- [TASK TO CARRY OUT]:
For the records that follow, restate each one word for word and leave the images behind.

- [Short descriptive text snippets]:
□ □ □ □ □ □ □

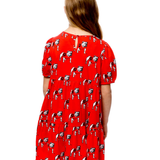 The Georgia Bulldogs Girls Tiered Dress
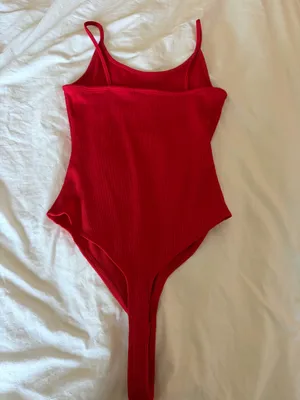 Forever 21 Red body suit tank thumbnail 3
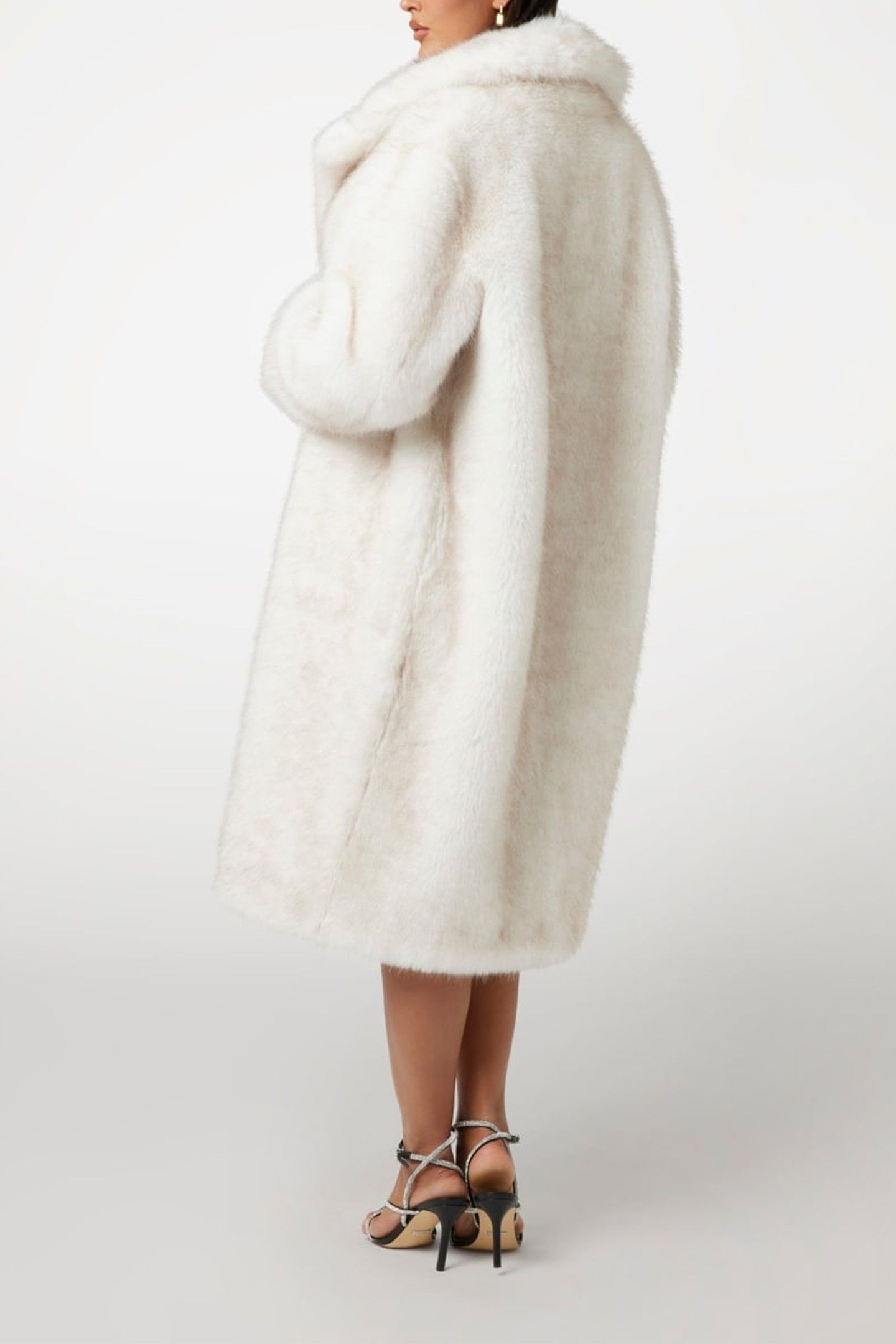 MARCIANO BY GUESS AUDREY LONG COAT MACADAMIA MULTI 3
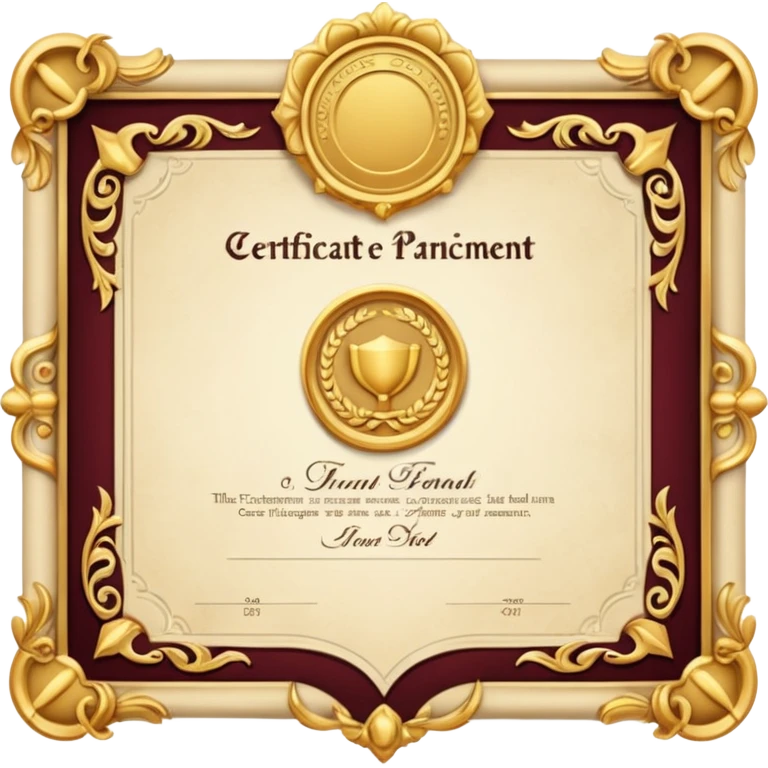 Certif  emoji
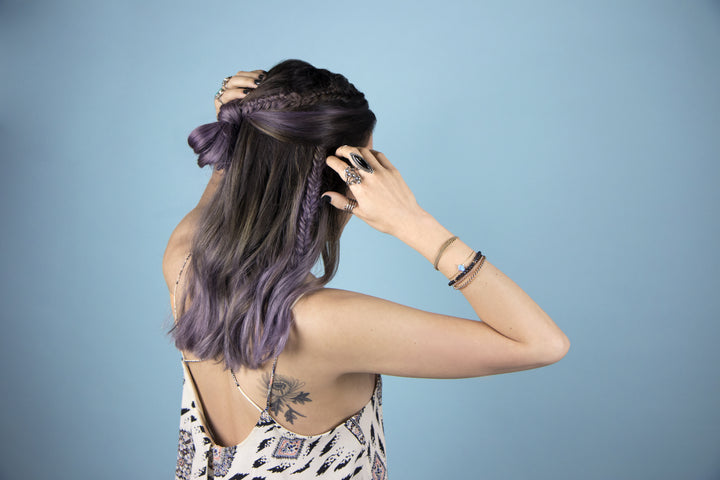 HALF UP FISHTAIL BRAIDS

□ □ □ □ □ □ □

- [RESPONSE FOR THIS EXERCISE]:
 The Georgia Bulldogs Girls Tiered Dress
 Forever 21 Red body suit tank thumbnail 3
 MARCIANO BY GUESS AUDREY LONG COAT MACADAMIA MULTI 3
 Certif  emoji
 HALF UP FISHTAIL BRAIDS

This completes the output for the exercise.